Obviously, each of these situations introduces a challenge that, while not unique to the digital signage industry, may be unfamiliar to some. For example, the concept of bundling together hardware, software and services is fairly common, and any number of hardware leasing or factoring companies are available to provide this service. However, factoring a digital signage package can increase its overall cost by 25 percent or more over a period of 3-5 years, and that cost needs to be taken into account. But for small companies deploying a large network, it may be the only way to acquire the necessary equipment, since their only other option is either to drain operating capital (never a healthy business move unless you know that your deal is a really, really, really sure thing), or raising outside funding through an equity sale of some sort (which can be costly and time consuming, even in today's booming private equity market). Larger companies (or subsidiaries of wealthy parent companies) have a few more options, including drawing from lines of credit and internally financing their purchases. But even large firms are loathe to part with so much cash all at once, and often a financing route makes more sense and provides a better path to profitability. And of course, the more financial involvement a digital signage firm can get from their retail partners, the better spread out the risk and rewards are. (As a brief corollary to that: the more financial burden a retailer takes, the more incentive it has to see the program work, and therefore, the more help the digital signage firm will get from the retailer with integrating into co-op programs, etc.)
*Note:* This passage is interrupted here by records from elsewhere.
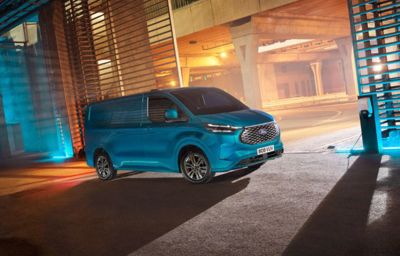 Täysin uusi Ford E-Transit Custom: täyssähköinen vallankumous eurooppalaisille yrityksille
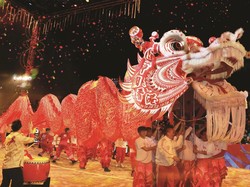 Liburan Imlek di Hong Kong, Ada Parade & Pesta Kembang Api Spektakuler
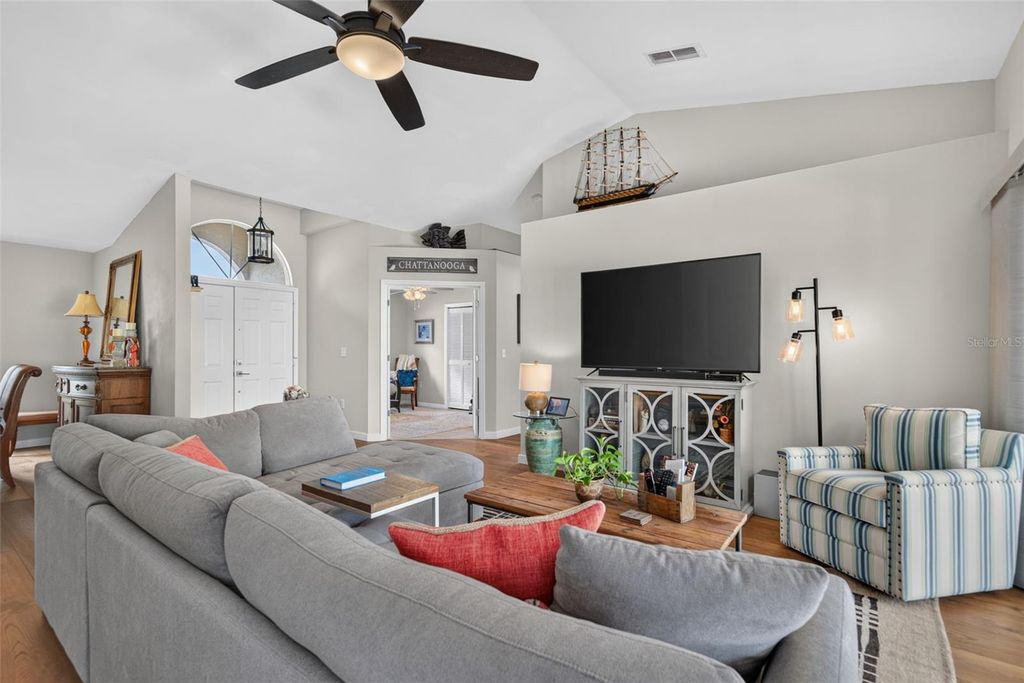 Image 9 of property listing at 5924 JAVA PLUM LANE, Bradenton, FL 34203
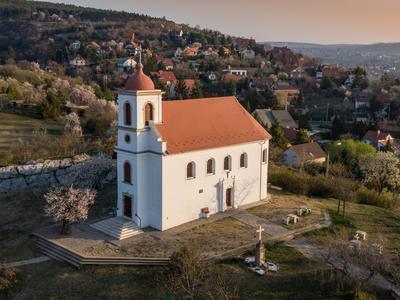 Chapel in Havihegy, Pecs, Hungary with the Tree of the Year-stock-foto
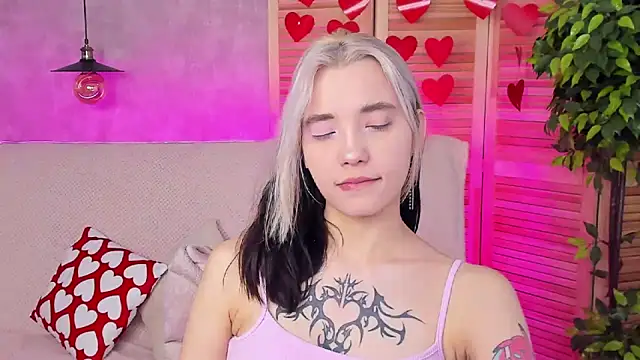 as1an girlfriend online show from February 19, 7:06 am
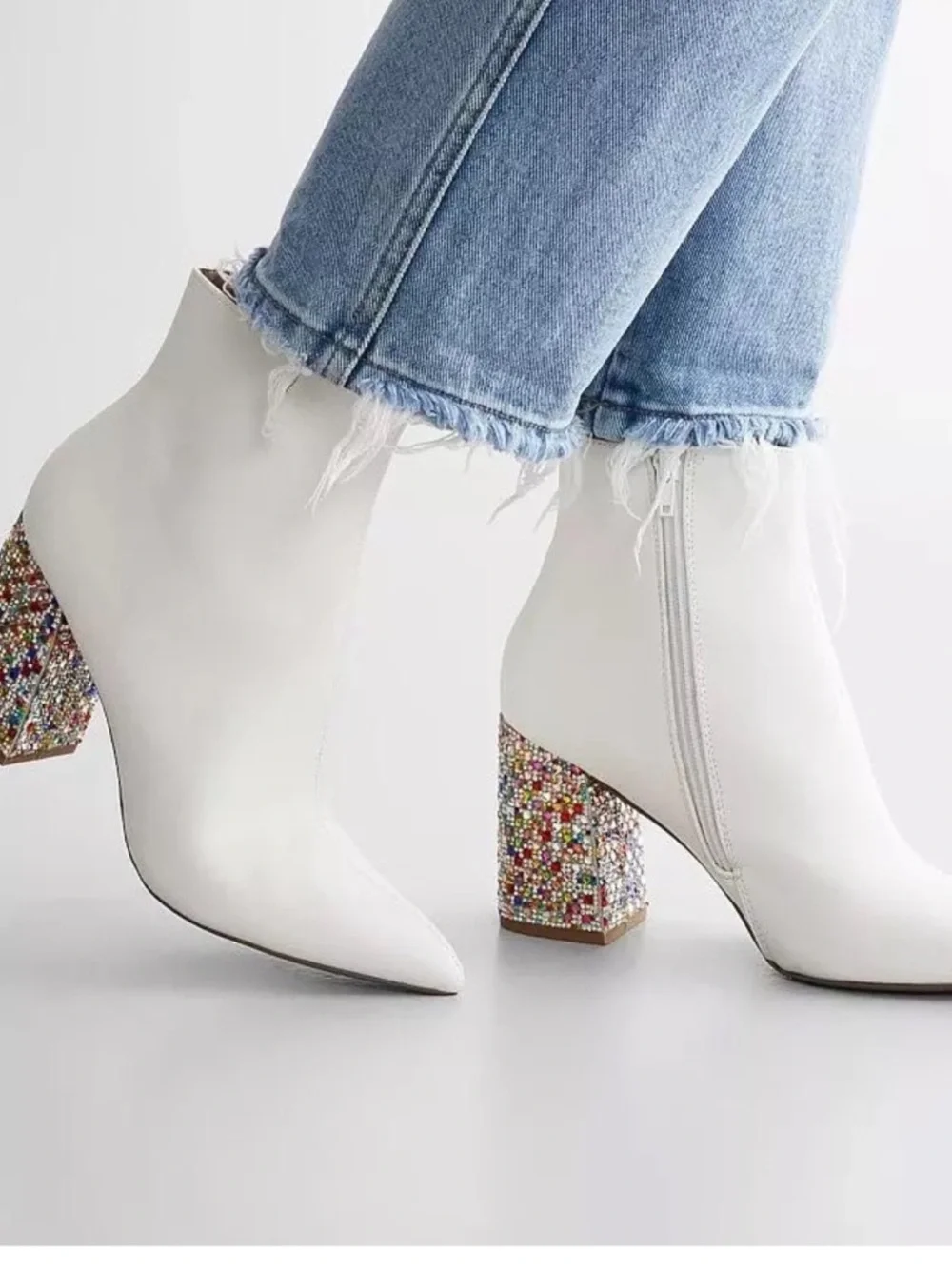 Betsey Johnson Kassie White Ankle Boots Size 8.5- New!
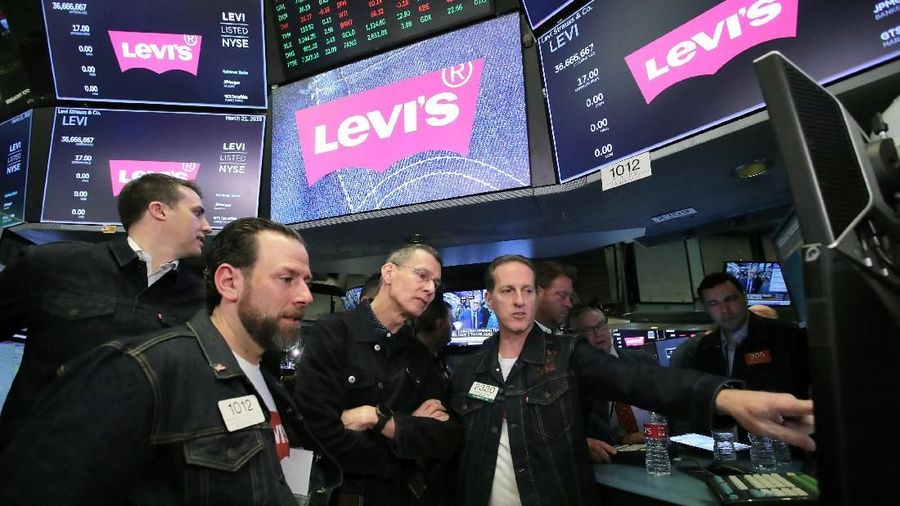 Raksasa blue jeans Levi Strauss & Co. atau yang dikenal dengan merek Levi's kembali melantai di bursa Amerika Serikat (AS).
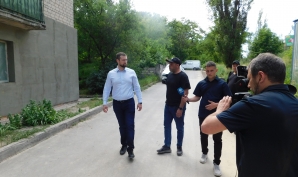 Владимир Зверков ознакомился с ходом ремонта в отделении МФЦ Ленинского района Донецка. Фото 4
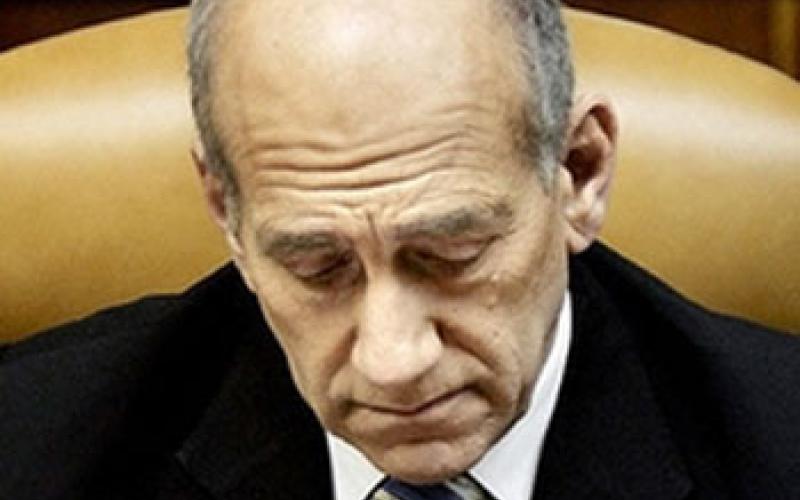 محكمة إسرائيلية تدين أولمرت بالرشوة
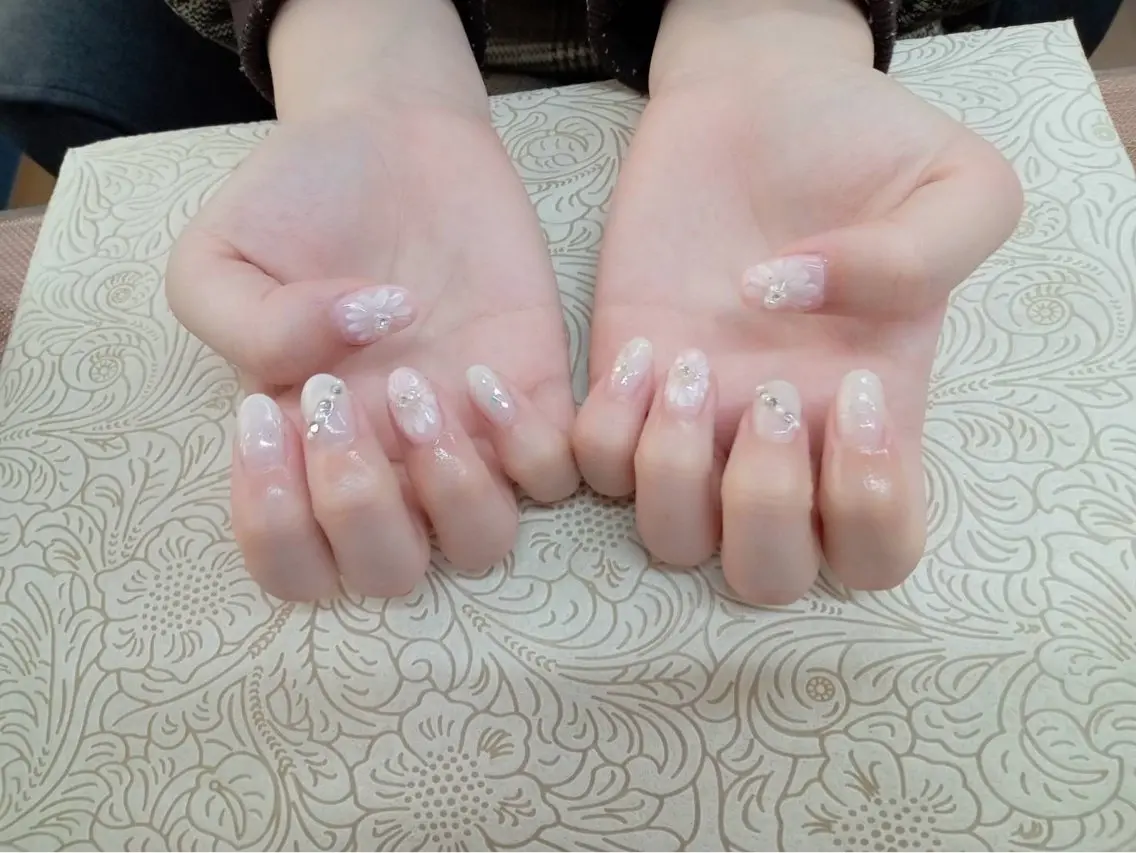 ネイル フラワーネイル precious nail roomのネイルデザイン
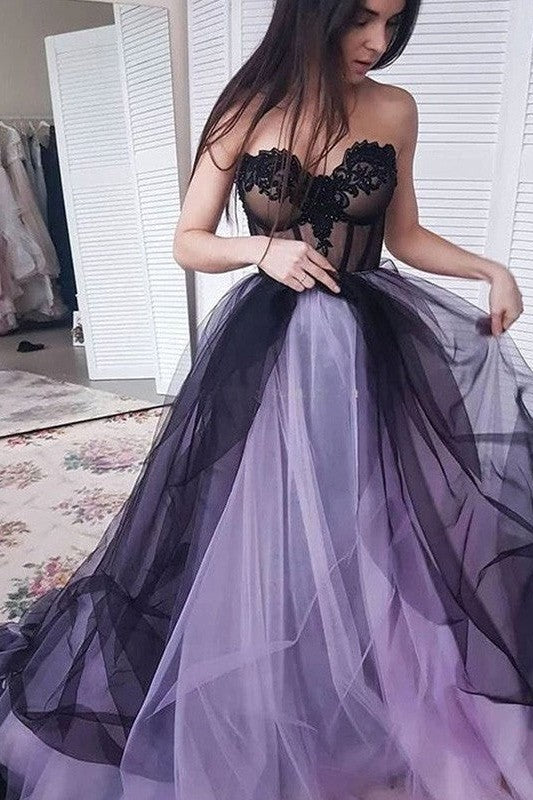 Elegant Tulle Ball Dress Appliques Strapless Sleeveless Court Train Prom Dress-ballbellauk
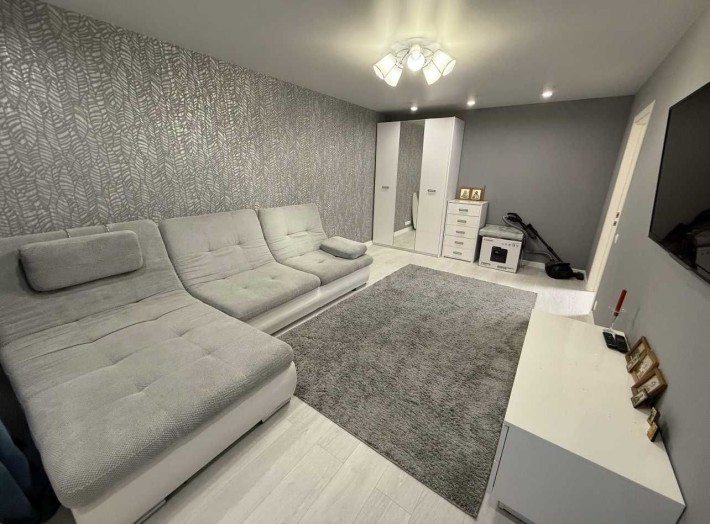 Продам 2к квартиру , р-н Журавлевка улица Вологодская (85888) - фото 1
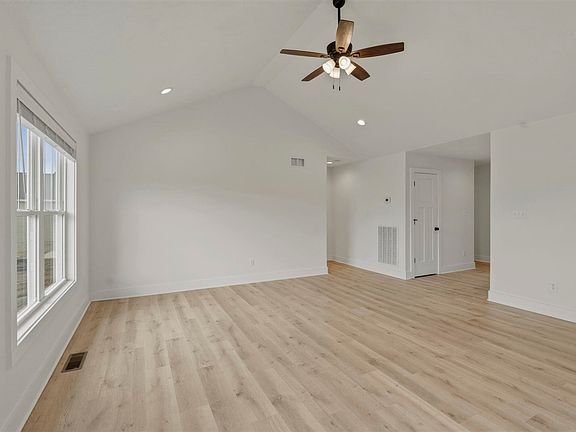 5th image of 905 Alberta Dr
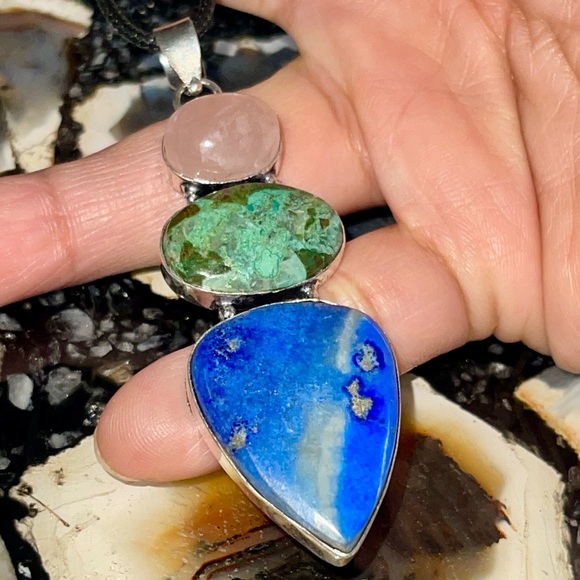 Crystal Pairing of Rose Quartz, Lapis Lazuli & Chrysocolla Pendant 2 7/8” - Picture 6 of 17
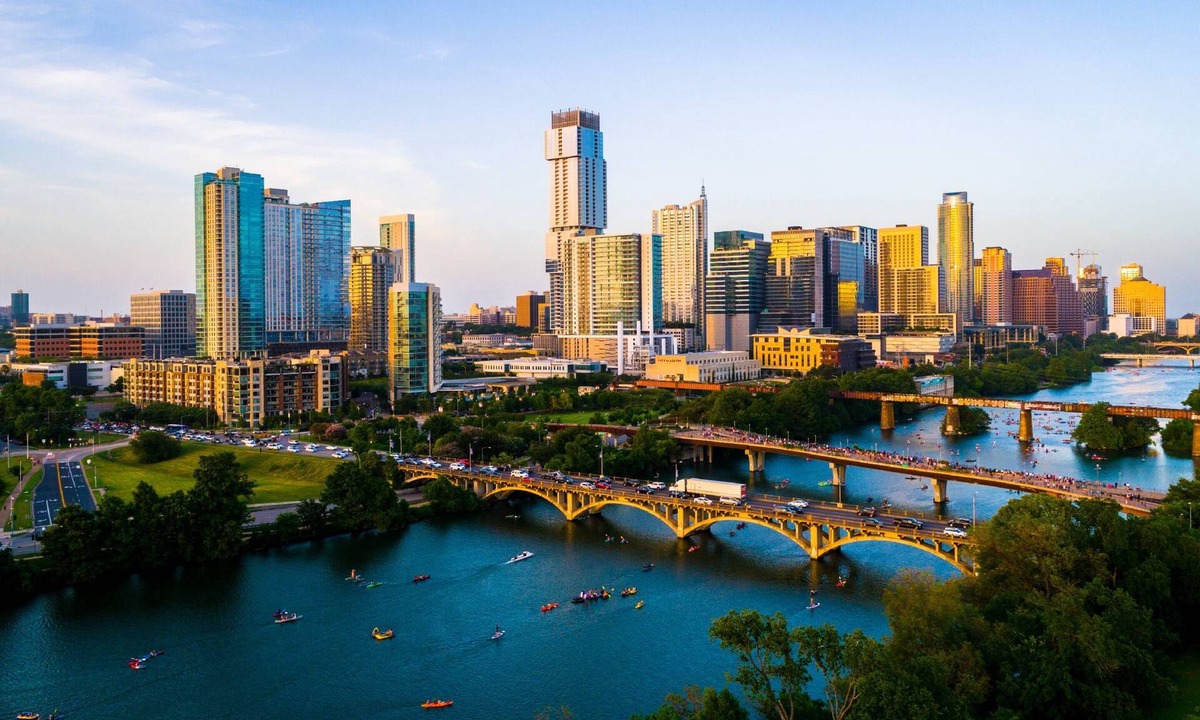 Zilker House | Walk to ACL and Downtown. Retreat with Pool, BBQ and Peloton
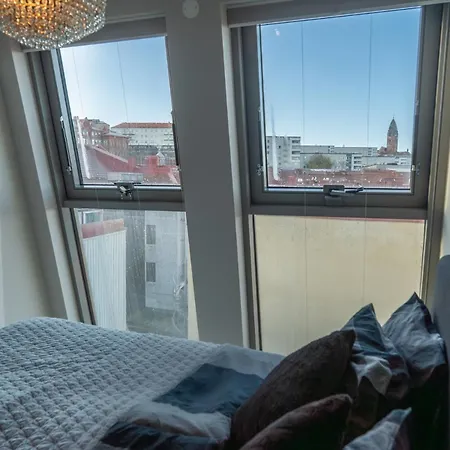 Floor With Rooftop, 1br In Great Location Apartment *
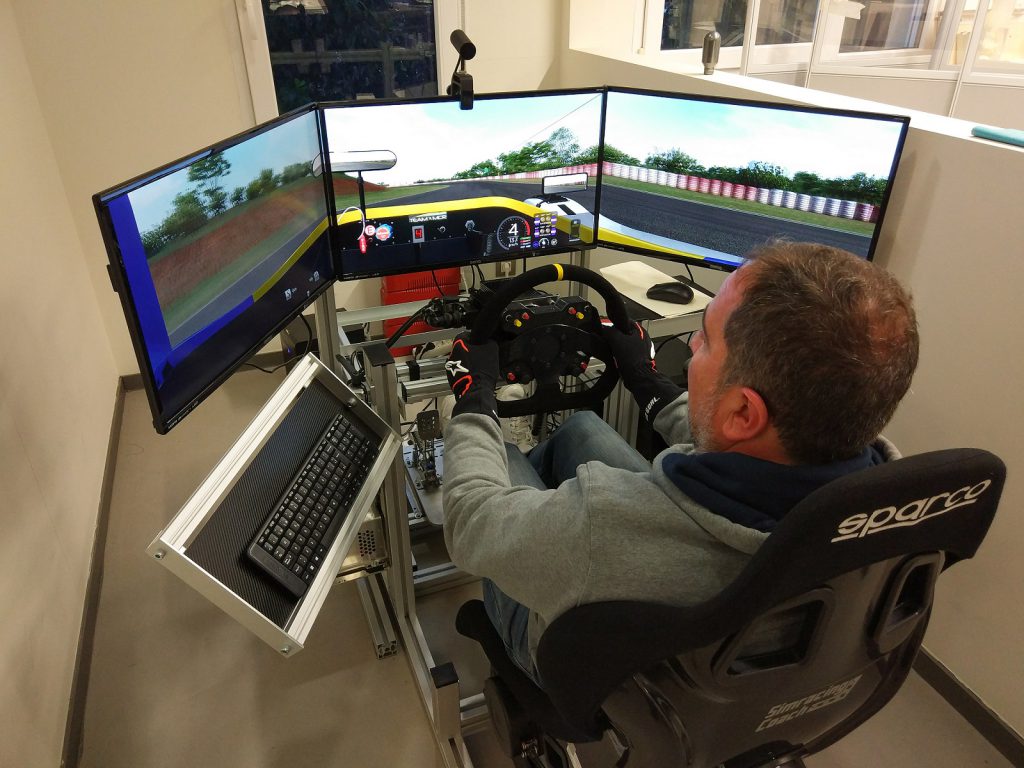 IMG 20161126 174709 1 - Simracingcoach and Augury Simulations in Newspress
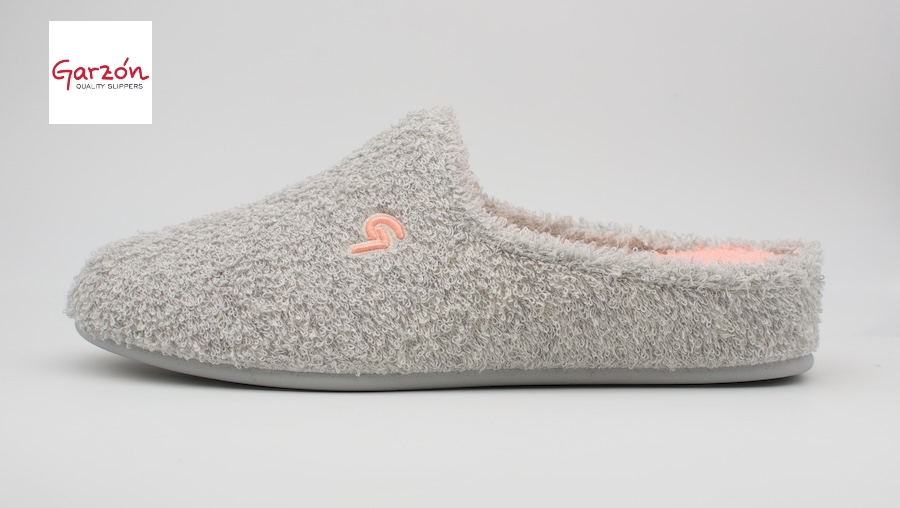 Zapatillas de rizo de color gris de la marca Garzón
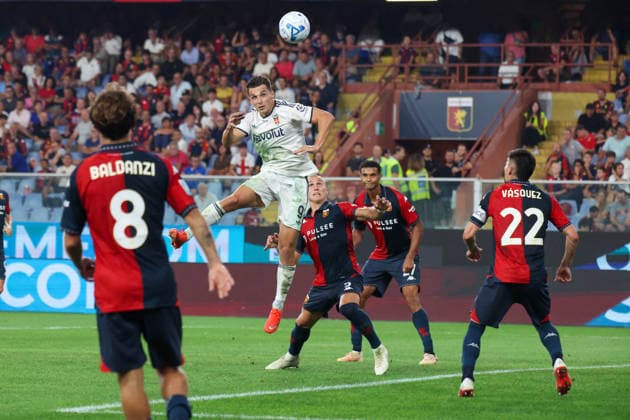 SOCCER - Serie A - Genoa CFC vs. Como 1907 Photo by IPA ABACAPRESS.COM88121030 - Serie A, Day 3, Genoa, Ferraris Stadium, Genoa vs. Como; pictured: Douvikas Genoa Italy  Copyright: xIPAxSport ABACAx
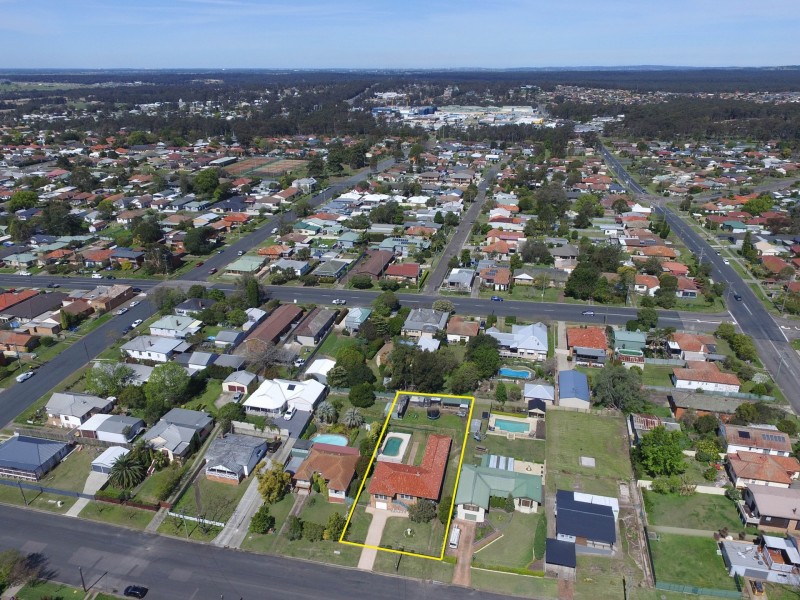 208 George Street, East Maitland NSW 2323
The article also includes an introduction to calculating digital signage ROI, giving examples for the three sources of data that are most useful to this task:
- Co-op Marketing Data - vendors pay a monthly or annual fee to be included in the retailer's various promotional materials
- Affinity Program Data - in exchange for giving up some personal information and having purchase histories tracked, customers are rewarded with discounts on products that they are likely to purchase
- Register and Inventory Feed Data - the raw sales data compiled from register receipts
Of course, regular readers of this blog will probably recognize those data sources from the last five-part series that I did, Calculating Digital Signage ROI:
- Calculating Digital Signage ROI: The Ground Rules
- Calculating Digital Signage ROI: Understanding the Limits of Your Data
- Calculating Digital Signage ROI: 3 Metrics that Matter
- Calculating Digital Signage ROI: Methods to Gather your Data
- Calculating Digital Signage ROI: Managing Expectations
Next week, we'll conclude this series with an article on the digital signage sales cycle and the different areas of sales expertise that have proven useful for digital signage firms in the past, so stay tuned!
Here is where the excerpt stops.